While men and women in ancient times possessed equality in the depravity stakes, this was all to change in the Middle ages.

Middle Ages

Fast forward to medieval times and we see a continuation of the desire to civilize human behaviour, except this time women are exempt from the taming to which the classical age subjected both sexes. By dint of a peculiar intersection of social beliefs, women came to be viewed as perfected from birth – due largely to the fact that worship of the Virgin Mary became amplified in the eleventh century and, by extension, the reverence bestowed upon the Virgin was extended to the female sex in general. As Mary was perfect, so too became women.

No longer like the Biblical Eve striving to imitate the Mother of Christ, woman becomes Mary’s counterpart on earth, and thus the cult of the “lady” is born as a mirror of the cult of the Virgin. Men for their part remain in a thoroughly fallen state like Adam while striving to imitate Jesus – knowing full well they will fall short of the goal. To enjoy the company of a lady a man must now prove himself worthy of her and so advance upward, step by step, toward a culminating union at her level; because everything noble and virtuous, everything that makes life worth living, proceeds from women, who are even described as the source of goodness itself.3

Mediaeval image of a woman leading a man with a leash or halter.

Mediaeval image of a woman leading a man with a leash or halter.

With the advent of women becoming men’s moral superiors, it’s here that men become the servants of women proper. It’s here also that the reciprocal service previously entertained between the sexes begins its gradual decline in favour of gynocentrism. As the faithful owed obeisance to The Virgin, henceforth man must render his obeisance to the Virgin’s earthly counterparts. Over the subsequent 100 years women even came to be viewed through the lens of the feudal contract whereby she became his overlord (midons ), and he the vassal in dutiful service. It would be woman whose role it became to civilize the depraved, fallen creature called man by teaching him the gynocentric virtues of chivalry and courtly love.

Contemporary attitudes

Contemporary perspectives about civilizing males are divided between two superficially opposed camps – traditionalist women, and progressive feminists. I say superficially opposed because when the goals of both groups are compared they amount to exactly the same thing: the belief that morally superior women should enculture men into the arts of chivalry and gentlemanliness for the benefit of women.

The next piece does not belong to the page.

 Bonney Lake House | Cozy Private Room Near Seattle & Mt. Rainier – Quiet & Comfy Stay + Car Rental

Lifelong feminist and former National Organization for Women member, Tammy Bruce, has articulated what she feels is the time-honoured power of women; of being morally superior to men which includes the feminist responsibility to civilizing men’s animalistic tendencies:

Nothing new under the sun, hey?

Another feminist, Christina Hoff-Sommers agrees with this idea that men need to be civilized with chivalric manners, a belief she outlined in an interview with Emily Esfahani Smith, where she said, “Masculinity with morality and civility is a very powerful force for good. But masculinity without these virtues is dangerous—even lethal.” “Chivalry is grounded in a fundamental reality that defines the relationship between the sexes,” explained Sommers, “and given that most men are physically stronger than most women, men can overpower women at any time to get what they want.” “If women give up on chivalry, it will be gone,” continued Sommers. “If boys can get away with being boorish, they will, happily. Women will pay the price.”4

Sommers elaborates her view in a 2009 interview with Ben Domenech:

Christina Hoff-Sommers: Codes of gallantry and civility that developed over the centuries have served women very well. We badly need more of that male gallantry, but I hasten to say it’s a reciprocal system. If males are going to be gallant then women also have a role to play. So today I think both sexes are remiss in nurturing this system.

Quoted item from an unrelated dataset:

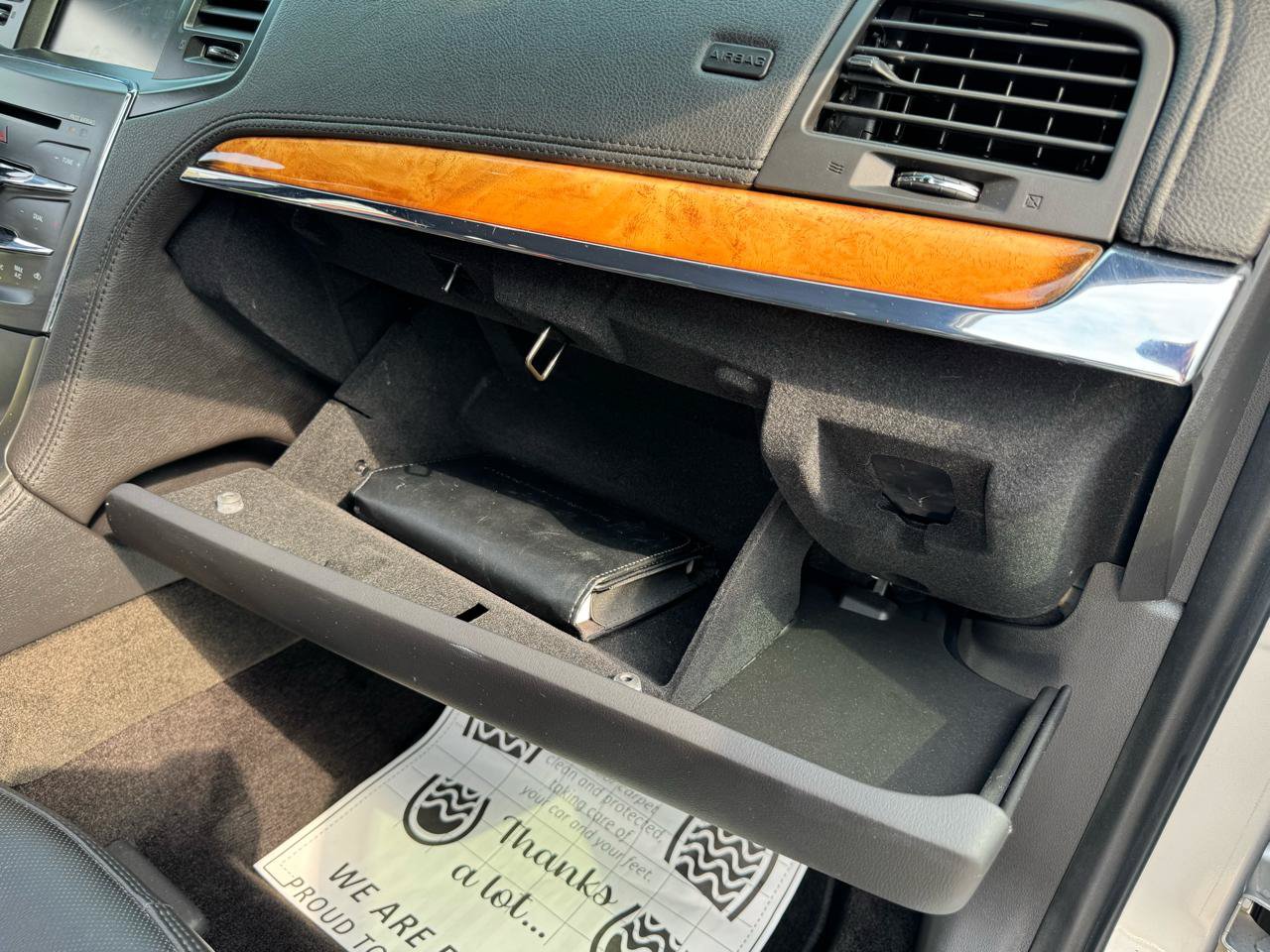 Used 2014 Lincoln MKS FWD image 29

Ben Domenech: What in this era of post feminism that we live in today relationally would be the possible incentive for any man to be gallant when there doesn’t seem to be any
particular reason that he has to be in order to function within today’s relationship world?

Christina Hoff-Sommers: It’s an interesting question because one of the things you find today is that most young men are gallant, and they are respectful, at least they are struggling to be. When I interview young men I ask them if they think it’s a good thing to be a gentleman and almost all of them say yes- that word gentleman has a positive resonance with young men. Now, do they know how to be gentlemen, do they know what it entails? Many do not. And same with some young women, they are not necessarily behaving like ladies. So there’s a lot of misunderstanding and lack of, perhaps, motivation. But it’s still alive in people. I think still on a typical date a young man would pay for his date – it doesn’t always happen in which case a girl would be resentful, and I can understand that…. These are gestures, I’m talking about certain gestures of respect – they need to be there and I think most women want them and I think men do too.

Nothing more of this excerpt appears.